Give again, word for word, every line below from the one that has "Черный ВАЗ 2170" through the one that has "liceagaRicardo's tweet photo.", both included, and no others.

(Dataset items)
——
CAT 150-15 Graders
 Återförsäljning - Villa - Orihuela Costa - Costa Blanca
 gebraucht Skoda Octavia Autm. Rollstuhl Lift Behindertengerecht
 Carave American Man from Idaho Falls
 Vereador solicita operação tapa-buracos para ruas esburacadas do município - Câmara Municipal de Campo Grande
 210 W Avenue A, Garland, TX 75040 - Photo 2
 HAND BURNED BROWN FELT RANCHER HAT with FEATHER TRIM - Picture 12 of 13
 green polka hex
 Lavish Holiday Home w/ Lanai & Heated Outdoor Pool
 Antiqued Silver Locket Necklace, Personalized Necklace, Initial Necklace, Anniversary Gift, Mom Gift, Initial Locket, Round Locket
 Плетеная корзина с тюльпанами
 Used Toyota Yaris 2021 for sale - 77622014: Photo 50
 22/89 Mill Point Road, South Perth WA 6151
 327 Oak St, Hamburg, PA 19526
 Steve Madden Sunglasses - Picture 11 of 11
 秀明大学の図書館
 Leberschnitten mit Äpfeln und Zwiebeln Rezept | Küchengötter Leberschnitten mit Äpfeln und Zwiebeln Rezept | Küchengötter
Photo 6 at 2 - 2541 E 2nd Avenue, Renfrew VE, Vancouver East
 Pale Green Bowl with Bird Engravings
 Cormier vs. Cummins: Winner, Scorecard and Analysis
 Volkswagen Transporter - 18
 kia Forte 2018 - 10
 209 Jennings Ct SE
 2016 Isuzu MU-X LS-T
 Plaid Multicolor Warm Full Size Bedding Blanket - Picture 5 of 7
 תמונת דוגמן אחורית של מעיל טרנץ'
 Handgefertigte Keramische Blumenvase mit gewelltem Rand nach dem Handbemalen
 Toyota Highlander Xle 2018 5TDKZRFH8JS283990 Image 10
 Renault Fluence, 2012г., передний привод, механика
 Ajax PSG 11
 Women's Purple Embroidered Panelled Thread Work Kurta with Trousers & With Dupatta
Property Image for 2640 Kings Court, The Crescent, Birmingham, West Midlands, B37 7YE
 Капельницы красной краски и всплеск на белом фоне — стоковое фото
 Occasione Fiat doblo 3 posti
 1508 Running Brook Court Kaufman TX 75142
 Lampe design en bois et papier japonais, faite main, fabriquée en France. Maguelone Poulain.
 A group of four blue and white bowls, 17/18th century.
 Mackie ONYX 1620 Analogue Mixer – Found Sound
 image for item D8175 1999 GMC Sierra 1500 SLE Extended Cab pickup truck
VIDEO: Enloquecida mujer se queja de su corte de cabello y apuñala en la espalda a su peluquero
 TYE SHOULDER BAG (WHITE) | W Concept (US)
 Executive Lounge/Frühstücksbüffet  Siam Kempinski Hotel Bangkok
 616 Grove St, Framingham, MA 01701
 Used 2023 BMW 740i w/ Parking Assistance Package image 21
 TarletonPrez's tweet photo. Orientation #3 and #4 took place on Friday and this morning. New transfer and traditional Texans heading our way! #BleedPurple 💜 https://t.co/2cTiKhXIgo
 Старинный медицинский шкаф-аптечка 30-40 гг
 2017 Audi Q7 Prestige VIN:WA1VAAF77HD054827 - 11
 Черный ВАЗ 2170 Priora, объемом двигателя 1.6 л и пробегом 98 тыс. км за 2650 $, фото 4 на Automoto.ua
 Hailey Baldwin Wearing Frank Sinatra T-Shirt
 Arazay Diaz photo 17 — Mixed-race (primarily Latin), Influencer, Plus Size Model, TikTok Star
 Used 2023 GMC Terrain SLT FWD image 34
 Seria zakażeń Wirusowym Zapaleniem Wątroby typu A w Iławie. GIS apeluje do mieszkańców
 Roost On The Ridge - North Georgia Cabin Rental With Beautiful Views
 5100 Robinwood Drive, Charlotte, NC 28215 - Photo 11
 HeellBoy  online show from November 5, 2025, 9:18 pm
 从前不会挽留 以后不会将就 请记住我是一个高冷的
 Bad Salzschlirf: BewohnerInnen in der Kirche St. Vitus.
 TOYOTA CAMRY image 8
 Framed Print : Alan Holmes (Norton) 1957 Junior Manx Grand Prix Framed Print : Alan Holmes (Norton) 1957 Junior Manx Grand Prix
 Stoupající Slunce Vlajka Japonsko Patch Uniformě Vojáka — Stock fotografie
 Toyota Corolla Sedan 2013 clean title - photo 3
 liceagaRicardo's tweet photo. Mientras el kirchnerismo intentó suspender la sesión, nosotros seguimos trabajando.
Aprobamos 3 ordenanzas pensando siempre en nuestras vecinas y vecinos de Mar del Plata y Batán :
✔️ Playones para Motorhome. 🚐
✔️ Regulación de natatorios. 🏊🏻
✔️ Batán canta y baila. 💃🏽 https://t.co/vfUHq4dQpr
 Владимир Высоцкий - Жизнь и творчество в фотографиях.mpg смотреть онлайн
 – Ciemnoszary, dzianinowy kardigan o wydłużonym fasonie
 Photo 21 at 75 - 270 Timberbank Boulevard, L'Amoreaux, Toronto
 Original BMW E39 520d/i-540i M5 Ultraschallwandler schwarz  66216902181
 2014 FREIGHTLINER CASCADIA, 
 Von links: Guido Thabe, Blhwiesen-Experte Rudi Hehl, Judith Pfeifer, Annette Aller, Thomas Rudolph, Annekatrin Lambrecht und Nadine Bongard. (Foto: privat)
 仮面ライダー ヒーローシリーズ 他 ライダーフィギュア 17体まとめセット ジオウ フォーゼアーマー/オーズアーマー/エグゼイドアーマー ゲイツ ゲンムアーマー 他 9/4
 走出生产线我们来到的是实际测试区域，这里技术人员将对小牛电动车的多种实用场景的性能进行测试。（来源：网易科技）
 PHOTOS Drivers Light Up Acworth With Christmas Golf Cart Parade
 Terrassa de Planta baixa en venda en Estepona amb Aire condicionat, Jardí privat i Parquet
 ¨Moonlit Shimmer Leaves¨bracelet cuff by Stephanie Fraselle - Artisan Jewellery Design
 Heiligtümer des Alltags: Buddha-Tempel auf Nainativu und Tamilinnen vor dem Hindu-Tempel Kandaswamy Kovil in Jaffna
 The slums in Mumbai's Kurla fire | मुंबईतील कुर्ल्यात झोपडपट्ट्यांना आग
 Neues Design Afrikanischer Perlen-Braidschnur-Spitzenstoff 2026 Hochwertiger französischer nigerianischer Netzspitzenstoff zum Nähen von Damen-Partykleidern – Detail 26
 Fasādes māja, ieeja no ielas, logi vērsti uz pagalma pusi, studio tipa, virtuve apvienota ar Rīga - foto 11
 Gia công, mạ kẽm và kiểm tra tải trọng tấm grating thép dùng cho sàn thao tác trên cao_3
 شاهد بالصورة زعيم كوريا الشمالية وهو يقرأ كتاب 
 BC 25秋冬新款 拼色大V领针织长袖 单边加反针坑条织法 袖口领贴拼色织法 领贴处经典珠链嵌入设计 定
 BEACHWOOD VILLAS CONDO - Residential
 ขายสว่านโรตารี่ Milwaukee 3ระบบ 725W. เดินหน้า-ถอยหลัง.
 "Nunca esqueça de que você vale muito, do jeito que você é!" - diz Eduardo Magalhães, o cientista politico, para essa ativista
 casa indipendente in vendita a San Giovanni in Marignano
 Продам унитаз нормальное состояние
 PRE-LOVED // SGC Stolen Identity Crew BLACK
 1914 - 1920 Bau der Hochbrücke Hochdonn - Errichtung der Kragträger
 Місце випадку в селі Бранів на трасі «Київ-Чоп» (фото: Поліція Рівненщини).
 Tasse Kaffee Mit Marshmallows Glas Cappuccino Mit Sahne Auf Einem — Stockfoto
——
Reply —
 Черный ВАЗ 2170 Priora, объемом двигателя 1.6 л и пробегом 98 тыс. км за 2650 $, фото 4 на Automoto.ua
 Hailey Baldwin Wearing Frank Sinatra T-Shirt
 Arazay Diaz photo 17 — Mixed-race (primarily Latin), Influencer, Plus Size Model, TikTok Star
 Used 2023 GMC Terrain SLT FWD image 34
 Seria zakażeń Wirusowym Zapaleniem Wątroby typu A w Iławie. GIS apeluje do mieszkańców
 Roost On The Ridge - North Georgia Cabin Rental With Beautiful Views
 5100 Robinwood Drive, Charlotte, NC 28215 - Photo 11
 HeellBoy  online show from November 5, 2025, 9:18 pm
 从前不会挽留 以后不会将就 请记住我是一个高冷的
 Bad Salzschlirf: BewohnerInnen in der Kirche St. Vitus.
 TOYOTA CAMRY image 8
 Framed Print : Alan Holmes (Norton) 1957 Junior Manx Grand Prix Framed Print : Alan Holmes (Norton) 1957 Junior Manx Grand Prix
 Stoupající Slunce Vlajka Japonsko Patch Uniformě Vojáka — Stock fotografie
 Toyota Corolla Sedan 2013 clean title - photo 3
 liceagaRicardo's tweet photo. Mientras el kirchnerismo intentó suspender la sesión, nosotros seguimos trabajando.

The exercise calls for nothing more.